Good cooperation between the Quality Assurance team and other project teams from the start saves everyone’s time later and significantly lowers the risks of a bad release. Not only must the QA people be able to understand the project’s requirements and ensure that the project is meeting those requirements, but they also need to be able to work with the development team to ensure that the code is of high quality and meets the project’s standards.
This means that they need to be involved early in the planning process, be able to adapt to changes quickly, and be able to provide feedback at every stage of the project.
This means collaborating with
Project Managers and the Stakeholders.
DevOps – QA collaboration
With the project up and running, DevOps makes sure versions are up-to-date, provides access, runs deployments and various builds, and pipelines work with the intent to deliver the product with everything in order. The Quality Assurance team members often converse about different versions used for testing on various platforms and, if the project is a micro-service infrastructure, whether all dependencies are satisfied to push a version to a different environment.
Another important part to consider is whether the project is being developed with the CI (Continuous Integration) system based on different tools and frameworks.

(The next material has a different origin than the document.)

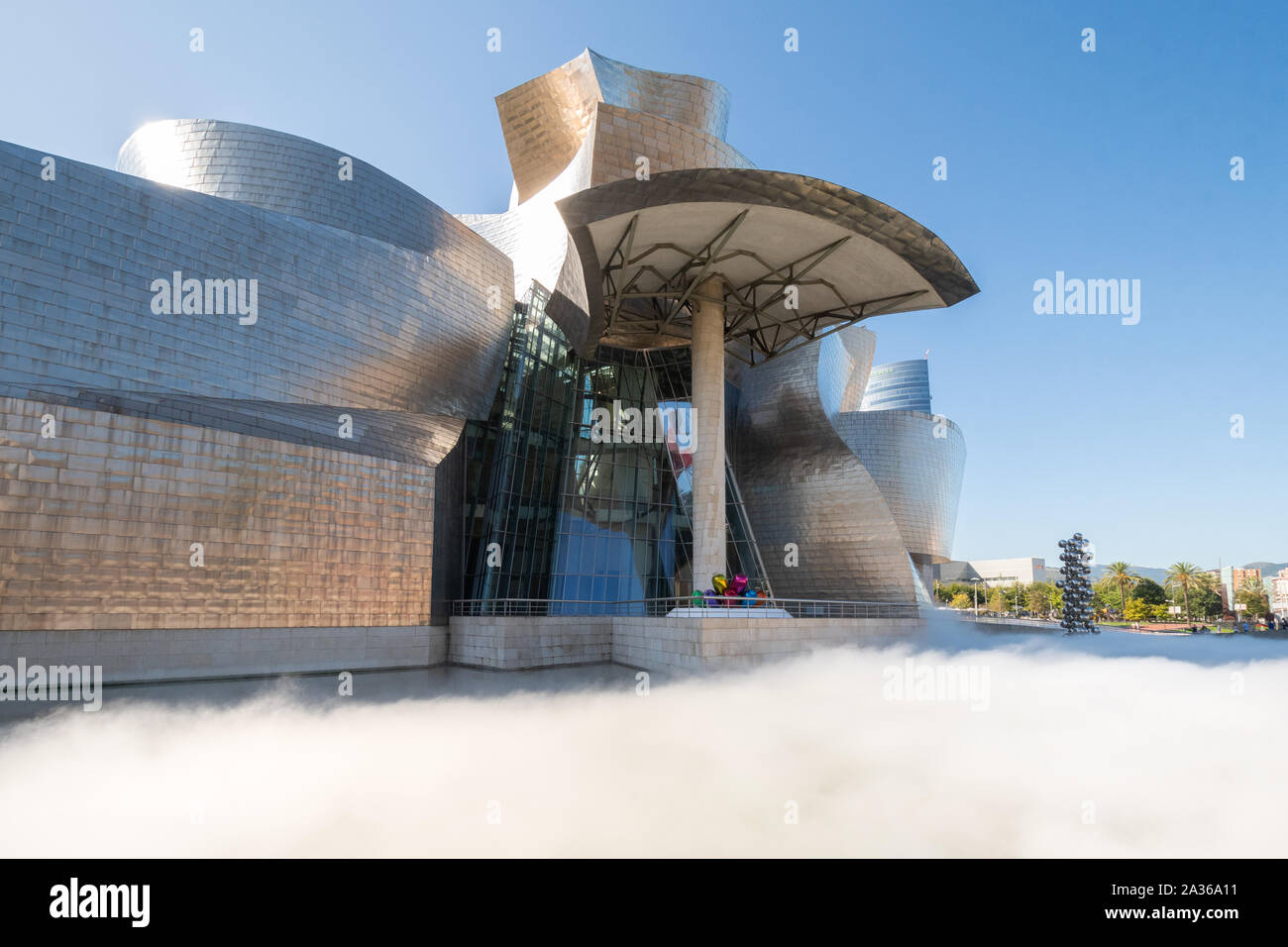 Museo Guggenheim e Fujiko Nakaya nebbia della scultura, Bilbao, Spagna Nord, Europa Foto Stock
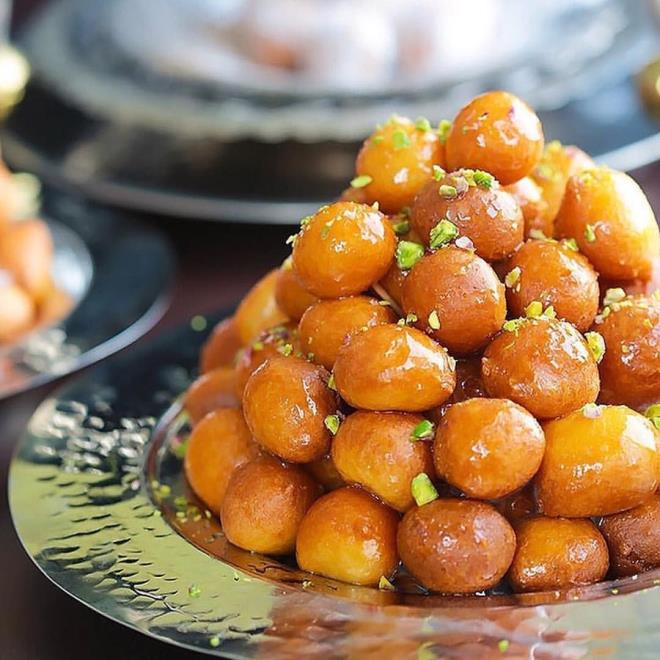 Limon suyunu da ekleyip, 2 dakika daha kaynattktan sonra ocaktan aln ve soumas iin bir kenarda bekletin.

Nowadays, it’s possible to implement CI on a lot of different platforms, so the QA team members work closely with the DevOps team to make sure everything is configured correctly and the triggers for starting automation tasks are set at the appropriate times. Also, they define when should certain test sets run and in which environment. DevOps can often export logs and security metrics that can help the QA team debug more easily or track down defects.
Frontend – QA collaboration
Since the UI/UX is a huge part of any web or mobile app, the frontend and design team make sure it’s done right, and the QA team makes sure it’s delivered without any flaws. In order to make that happen, the QA team consults with the FE team about the technologies used in front-end development and, based on previous experience, can predict certain flaws in the frameworks or in certain feature development processes. To automate tests seamlessly, the frontend team provides certain unique IDs or other custom locators for the QA team to use on the web and on mobile apps. Using certain tools and performance tests, the QA team can consult about performance issues and/or security issues. The QA team can create visual tests for the frontend team as well.

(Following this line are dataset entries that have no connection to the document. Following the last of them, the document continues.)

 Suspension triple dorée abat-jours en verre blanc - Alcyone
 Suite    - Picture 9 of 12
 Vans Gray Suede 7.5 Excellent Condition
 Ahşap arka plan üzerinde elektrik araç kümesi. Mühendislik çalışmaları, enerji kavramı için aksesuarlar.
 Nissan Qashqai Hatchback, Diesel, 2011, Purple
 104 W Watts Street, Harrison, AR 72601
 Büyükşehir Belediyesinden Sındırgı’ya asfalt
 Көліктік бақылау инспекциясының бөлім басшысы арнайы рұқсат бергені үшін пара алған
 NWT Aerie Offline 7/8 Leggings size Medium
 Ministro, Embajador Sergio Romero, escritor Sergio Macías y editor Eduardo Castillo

Backend – QA collaboration
The QA team interacts with the BE team in various ways. In testing, QA members detect bugs in BE validations on services and routes. Also, the BE team can implement additional logging for use by the QA team and themselves if needed. The QA team consults with the BE team on a good source of documentation for the BE model that the QA team can use in order to create automated API tests and database load tests, as well as various performance tests. During a debugging process, the QA and BE team very often work closely together to track and sniff out bugs and defects. The BE team usually provides example data used for testing in order to help the QA team manually test out features more easily, thus enabling the QA team to iterate on that data and search for flaws.

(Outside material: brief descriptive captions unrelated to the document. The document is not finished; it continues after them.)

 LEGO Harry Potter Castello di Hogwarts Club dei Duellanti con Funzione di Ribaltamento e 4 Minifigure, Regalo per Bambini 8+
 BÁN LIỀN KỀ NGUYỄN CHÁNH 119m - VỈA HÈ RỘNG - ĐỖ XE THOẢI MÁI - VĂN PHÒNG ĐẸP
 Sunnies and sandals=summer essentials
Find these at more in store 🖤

Interactions with the Project Management team
Since both the Quality Assurance team and the Project Management must have a very good overview of the health of the whole project, working together to create good acceptance criteria for tasks can sometimes help. Discussing certain priorities and severity of issues can help prioritize better and fix important issues faster. If needed, PMs can discuss setting up good ticket templates and dashboards for better and easier tracking of tasks and issues and test coverage. The QA team can also work with the PM team to help them set up a good demo environment with all the proper test data needed to create a seamless presentation. Last but not least, PMs need to be sure whether a release is good to go or not, and the talk with the QA is vital in a lot of cases.
Note that all of these topics are not hard-locked and are based on project needs and so are highly adjustable. That’s part of an agile working environment, after all.